Il 2015 è il mio anno! Me lo sono giurata, promettendomi che – per una volta – non avrei messo sempre gli altri al primo posto ma che, finalmente, sarei stata io la mia priorità.
Io con le mie esigenze, le mie passioni e con tutto ciò che mi fa sentire bene!
Così, a seguito di un incessante azione di “stalking” nei confronti di uno dei miei Chef prediletti, sono riuscita a farlo capitolare e a convincerlo a darmi lezioni di cucina – riprendendo le basi, acquisendo piccoli trucchi e perfezionando ricette.
Ah, lo Chef in questione è Michele Sana, attualmente responsabile dei fuochi del ristorante Porta Osio di Bergamo, già braccio destro dello stellato Ezio Gritti, ai tempi d’oro de L’Osteria di via Solata e ancor prima di Chef Fabrizio Ferrari, all’epoca in cui il Roof Garden brillava nel cosmo delle Stelle Michelin.
Così, si comincia! Prima lezione: “Risotto”.
Diciamocelo… Volevo iniziare facile, puntando su qualcosa che credevo di saper cucinare e che mi avrebbe permesso di terminare il primo incontro saltellando! Appunto! CREDEVO…
Posso solo dirvi che tra l’aver preparato un brodo salatissimo e aver affettato uno scalogno da perfetta imbranata, la mia autostima e le mie convinzioni sono state prese a martellate dalla dura e inesorabile realtà!

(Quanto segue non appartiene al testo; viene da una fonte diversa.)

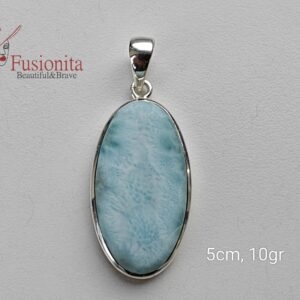 Lihtne ovaalne larimariga hõbekulon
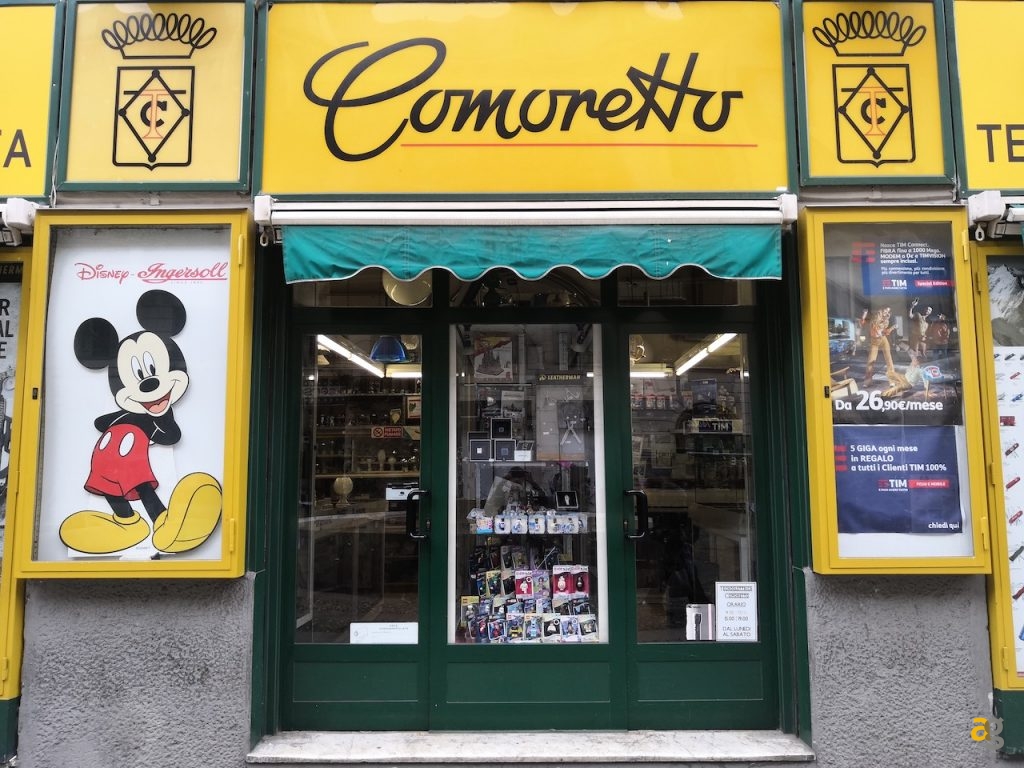 confronto-oneplus-6-s9-plus-sony-xz2-lg-g7-p20-pro-honor-10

Cercando dunque di rimuovere dai miei ricordi questa triste sensazione, ecco che cosa mi ha insegnato Michele, rispetto a un risotto perfetto:
Innanzitutto, ovvio, la materia prima. Poche storie: la varietà di riso per risotti è il Carnaroli poiché – per il contenuto di amido, la consistenza più soda e la lunghezza del chicco – tiene meglio la cottura rispetto le altre scelte.
Sulla stagionatura abbiamo due scuole di pensiero: per taluni, è fondamentale che il riso scelto abbia una stagionatura non inferiore ai 22 mesi.
Per altri, come Riserva San Massimo – marchio utilizzato dai maggiori Chef stellati – quella della stagionatura è solo una leva di marketing, soprattutto in virtù del fatto che il riso è un cereale e come tale va venduto fresco. Sono fattori come la biodiversità, l’impiego di componenti naturali, l’essicazione effettuata a gas e a bassissima temperatura, il tipo di confezionamento in azoto, i controlli e soprattutto il totale rifiuto di utilizzo di concimi chimici e insetticidi a contribuire all’eccellenza del prodotto.
La cucina si evolve come il resto del Mondo… le tecniche che quindi ritenevamo come intoccabili e inossidabili sono invece per lo più superate.
Il materiale del tegame è essenziale: rame stagnato, copper o alluminio con fondo di 3/5 mm, per stimolare la corretta conduzione di calore.
Il brodo non deve essere praticamente salato poiché sobbollendo ed evaporando, diverrà mano a mano sempre più sapido. Meglio rimanere scarsi di sale e aggiungerne – piuttosto – in fase di cottura.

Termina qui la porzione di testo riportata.